Trails and Active Transportation

Strengthen local economies, promote public health, and increase clean transportation options


The Vision

PTNY’s vision is that all New Yorkers will be located only minutes from a trail and ideally will be able to access that trail easily and safely by walking or bicycling. Throughout the state, trails, bicycle boulevards, and Complete Streets will be acknowledged as essential and mainstream elements of community infrastructure, much as utility lines and sidewalks are thought of today.

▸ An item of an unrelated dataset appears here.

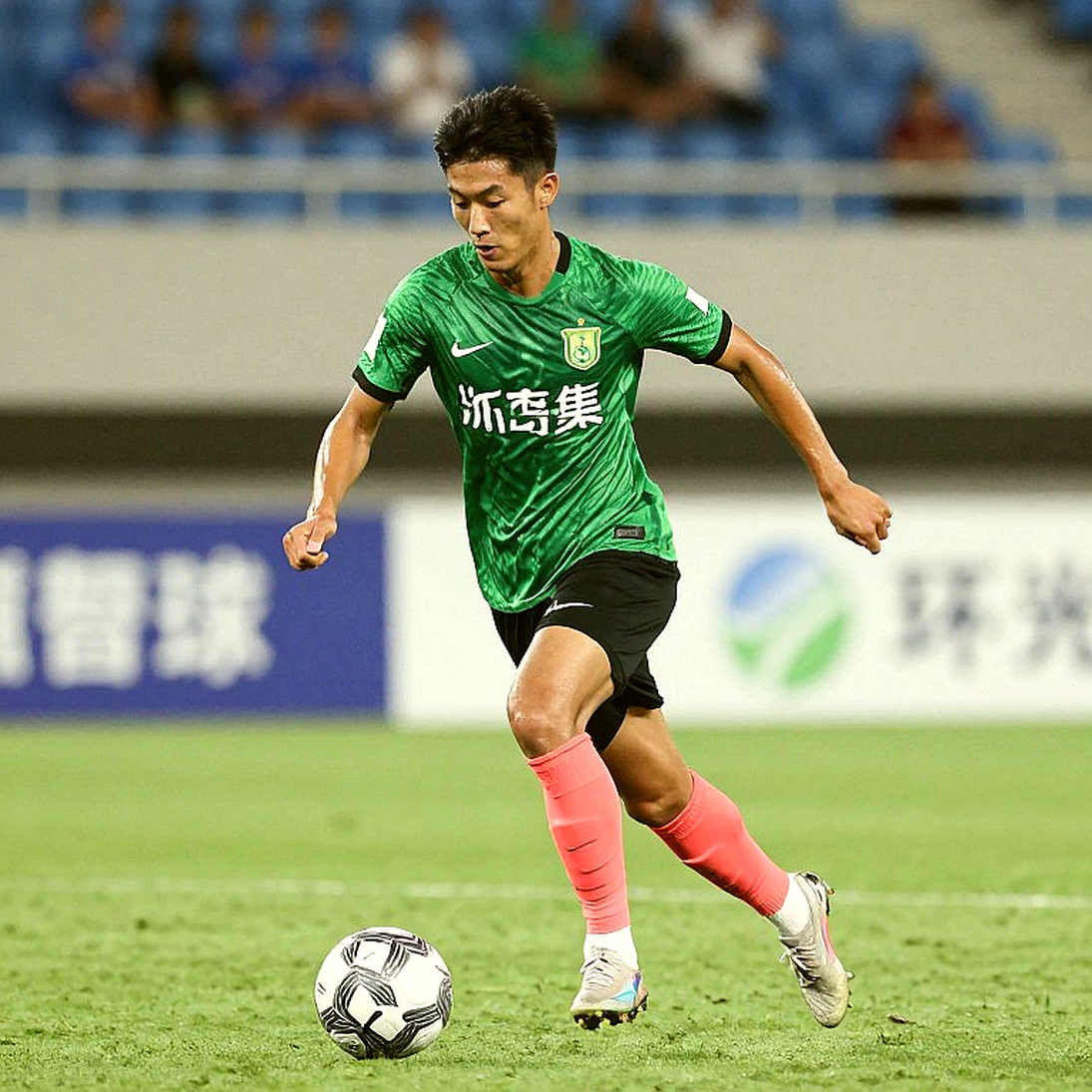 Ali Al-Bulaihi, 22 bàn và giới hạn của một kỷ lục hậu vệ ở Saudi Roshn League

New York State will be recognized as one of the most trail-rich and trail-friendly states and will attract visitors from across the nation and abroad to experience the historic communities and varied and beautiful landscapes accessible through the state’s trail network. Close the Gaps—Complete the Erie Canalway Trail

The 360-mile Erie Canalway Trail (ECT) is now more than 79% complete as an off-road, multi-use path. When complete it will be the longest multi-use trail of its kind in the nation. While the ECT already attracts visitors from across the world, it cannot realize its full economic potential and become a premier tourist destination until it is complete. New York’s state leaders must commit to securing the approximately $35 million needed to complete the Erie Canalway Trail.

Parks & Trails New York has been the leading voice for completing the Canalway Trail for many years, officially launching the Close the Gaps campaign in 2010 with Senator Kirsten Gillibrand.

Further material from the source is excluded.